Given this environment, it would seem that scope exists for a lossless commercial alternative that works with current storage technologies and with existing and legacy software toolchains. A genomic data software company, PetaGene, offers a commercially supported tool called PetaSuite for lossless compression of FASTQ and BAM files, optimized for genomic data and without needing a reference (Figure 1). PetaSuite also conforms with community standards, as laid down by the GA4GH. Native and automatic integration with existing and future analysis tools—and with local and cloud storage without the need for copying data between storage and compute instances—ensures that PetaSuite can be part of the current workflow for researchers and sequencing companies.

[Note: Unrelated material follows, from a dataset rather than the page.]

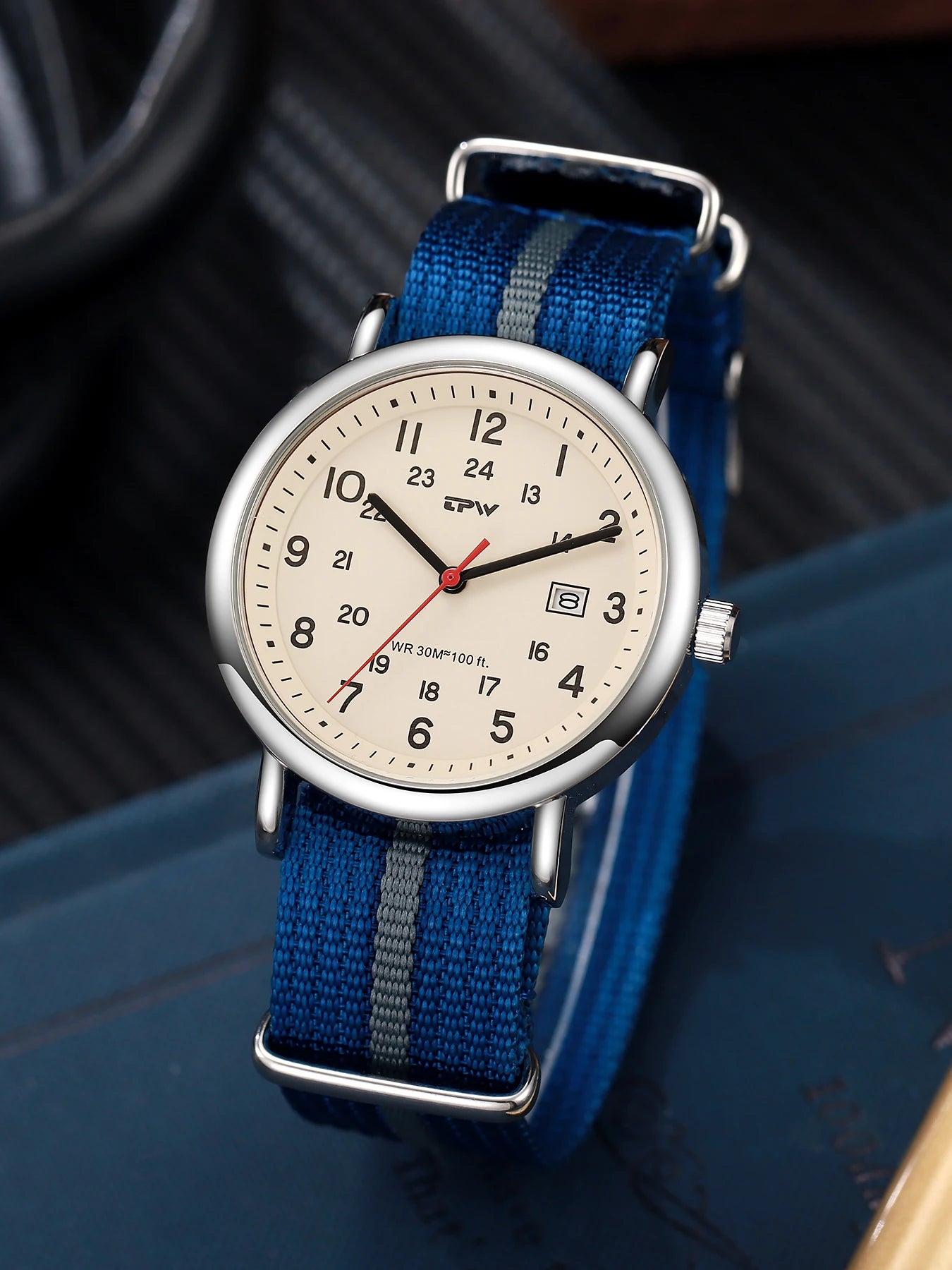 Clear Horizon * (Dar um leve zoom, nas imagens de fundo branco)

Opportunities Offered by Use of Smart compression

If genomics research is to deliver on its promise, using smart and efficient data compression will be the key to unlocking that potential. Reducing the waste in genomic data storage with optimized, lossless compression, along with the associated cost savings, means the ability to repurpose budgets for higher value operations. By using compression to reduce the time taken to get data to and from storage, greater collaboration is possible. Analysis can also be quicker thanks to smaller files lowering I/O demands. And, if the compressed data conforms to established standards, there will be no need to devote precious resources to re-working the analysis tools already in use. All of these should add up to achieving better results, more quickly.

Genomics is already producing enough data to rival the likes of data behemoths such as YouTube and Twitter. Rightly, that is not likely to change. So, smart compression techniques that are specifically designed for genomic data and its workflows will be crucial in bringing personalized medical innovations to everyone.

Reference

  1. Z. D. Stephens et al. “Big data: Astronomical or genomical?” PLoS Biol., vol. 13, no. 7, p. e1002195, 2015.